EP by B'z
- Released: December 9, 1992
- Genre: Soft rock
- Length: 26:47
- Label: BMG Rooms/ZEZ
- Producer: Tak Matsumoto

B'z chronology
| Mars (1991) | Friends (1992) | Friends II (1996) |

= Friends (B'z album) =

Friends is the fourth mini-album by the Japanese rock duo B'z, released in 1992. The album sold 1,355,530 copies and reached No. 1 at Oricon.

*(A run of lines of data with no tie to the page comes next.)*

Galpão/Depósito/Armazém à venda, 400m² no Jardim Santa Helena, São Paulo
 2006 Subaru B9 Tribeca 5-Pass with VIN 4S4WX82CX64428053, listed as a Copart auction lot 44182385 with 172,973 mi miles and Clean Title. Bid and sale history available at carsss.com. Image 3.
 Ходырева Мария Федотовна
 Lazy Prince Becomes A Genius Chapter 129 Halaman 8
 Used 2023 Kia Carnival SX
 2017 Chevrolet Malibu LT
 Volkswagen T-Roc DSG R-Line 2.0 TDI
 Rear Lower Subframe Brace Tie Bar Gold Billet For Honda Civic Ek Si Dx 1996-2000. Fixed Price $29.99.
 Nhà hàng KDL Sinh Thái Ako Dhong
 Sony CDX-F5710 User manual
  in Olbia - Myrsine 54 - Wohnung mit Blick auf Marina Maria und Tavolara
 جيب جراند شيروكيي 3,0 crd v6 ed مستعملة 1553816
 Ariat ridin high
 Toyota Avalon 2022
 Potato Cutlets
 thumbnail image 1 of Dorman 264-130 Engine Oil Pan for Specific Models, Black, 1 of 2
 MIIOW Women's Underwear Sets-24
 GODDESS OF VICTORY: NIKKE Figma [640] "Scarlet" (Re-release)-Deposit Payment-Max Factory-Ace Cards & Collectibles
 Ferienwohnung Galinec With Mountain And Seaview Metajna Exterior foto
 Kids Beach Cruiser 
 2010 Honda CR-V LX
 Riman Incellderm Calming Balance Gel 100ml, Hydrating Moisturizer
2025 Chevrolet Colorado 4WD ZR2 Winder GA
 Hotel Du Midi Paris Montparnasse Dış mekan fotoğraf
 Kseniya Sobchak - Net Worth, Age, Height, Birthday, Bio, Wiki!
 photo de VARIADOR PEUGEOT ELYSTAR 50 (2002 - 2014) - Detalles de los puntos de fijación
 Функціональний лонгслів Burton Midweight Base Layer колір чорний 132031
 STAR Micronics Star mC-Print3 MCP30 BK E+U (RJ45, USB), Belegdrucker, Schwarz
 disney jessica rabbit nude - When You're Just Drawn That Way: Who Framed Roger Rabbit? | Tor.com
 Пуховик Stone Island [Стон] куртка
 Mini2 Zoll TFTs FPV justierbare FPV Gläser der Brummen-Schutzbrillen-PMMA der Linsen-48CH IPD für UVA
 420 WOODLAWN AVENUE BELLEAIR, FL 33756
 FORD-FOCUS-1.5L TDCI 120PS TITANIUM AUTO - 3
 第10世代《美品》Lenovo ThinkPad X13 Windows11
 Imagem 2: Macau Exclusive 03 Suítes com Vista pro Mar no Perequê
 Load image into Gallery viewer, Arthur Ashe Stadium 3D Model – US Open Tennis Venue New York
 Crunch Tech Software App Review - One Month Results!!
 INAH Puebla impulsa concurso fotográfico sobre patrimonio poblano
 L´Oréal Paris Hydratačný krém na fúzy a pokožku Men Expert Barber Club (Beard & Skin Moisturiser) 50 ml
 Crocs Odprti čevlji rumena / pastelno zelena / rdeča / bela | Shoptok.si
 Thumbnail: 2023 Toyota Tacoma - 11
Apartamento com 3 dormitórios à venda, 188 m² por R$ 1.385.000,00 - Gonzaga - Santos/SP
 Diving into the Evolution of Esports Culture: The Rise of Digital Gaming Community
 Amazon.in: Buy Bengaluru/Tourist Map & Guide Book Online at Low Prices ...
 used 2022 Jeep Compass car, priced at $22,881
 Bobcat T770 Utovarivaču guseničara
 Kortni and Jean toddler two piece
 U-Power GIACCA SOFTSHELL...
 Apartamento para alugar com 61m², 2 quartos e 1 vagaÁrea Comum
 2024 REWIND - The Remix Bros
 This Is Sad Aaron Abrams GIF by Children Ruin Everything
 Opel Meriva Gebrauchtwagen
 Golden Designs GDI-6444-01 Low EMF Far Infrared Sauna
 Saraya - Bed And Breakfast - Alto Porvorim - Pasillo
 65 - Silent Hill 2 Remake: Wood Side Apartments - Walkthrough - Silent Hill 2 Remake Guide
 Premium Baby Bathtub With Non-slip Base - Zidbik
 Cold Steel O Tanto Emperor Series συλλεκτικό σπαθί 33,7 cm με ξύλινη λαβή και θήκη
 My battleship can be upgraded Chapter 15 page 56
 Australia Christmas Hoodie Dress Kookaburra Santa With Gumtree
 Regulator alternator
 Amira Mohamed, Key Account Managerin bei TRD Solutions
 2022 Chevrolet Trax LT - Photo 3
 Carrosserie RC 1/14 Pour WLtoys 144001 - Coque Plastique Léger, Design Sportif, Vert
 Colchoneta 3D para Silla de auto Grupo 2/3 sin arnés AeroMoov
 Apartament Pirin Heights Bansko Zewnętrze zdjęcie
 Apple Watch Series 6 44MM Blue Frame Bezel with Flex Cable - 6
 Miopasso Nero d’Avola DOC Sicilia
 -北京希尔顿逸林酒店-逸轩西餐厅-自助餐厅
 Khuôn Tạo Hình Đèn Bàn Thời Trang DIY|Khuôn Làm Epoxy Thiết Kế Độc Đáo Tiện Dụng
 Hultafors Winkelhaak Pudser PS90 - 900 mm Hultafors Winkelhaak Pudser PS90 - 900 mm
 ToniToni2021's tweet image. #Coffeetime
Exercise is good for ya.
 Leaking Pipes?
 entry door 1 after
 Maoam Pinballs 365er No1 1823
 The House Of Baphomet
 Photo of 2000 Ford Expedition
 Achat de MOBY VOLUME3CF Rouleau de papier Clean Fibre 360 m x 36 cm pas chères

The track "Itsuka no Merry Christmas" became extremely commercially successful, being certified by the RIAJ as being downloaded 500,000+ times as a ringtone and more than 100,000 times as a full-length cellphone download, despite being released in the early 1990s and not as a single.

== Track listing ==
1. Prologue - Friends 1:48
2. Scene 1 - Itsuka no Merry Christmas (いつかのメリークリスマス) - 5:03
3. Scene 2 - Boku no Tsumi (僕の罪) - 4:19
4. Love is... - 1:26
5. Scene 3 - Koi ja Naku Naru Hi (恋じゃなくなる日) - 4:51
6. Scene 4 - Seasons - 1:14
7. Scene 5 - Dōshitemo Kimi o Ushinaitakunai (どうしても君を失いたくない) - 6:07
8. Itsuka no Merry Christmas (Reprise) (いつかのメリークリスマス (Reprise)) - 1:23

==Certifications==

| Region | Certification | Certified units/sales |
| Japan (RIAJ) | 2× Million | 2,000,000^{^} |
^{^} Shipments figures based on certification alone.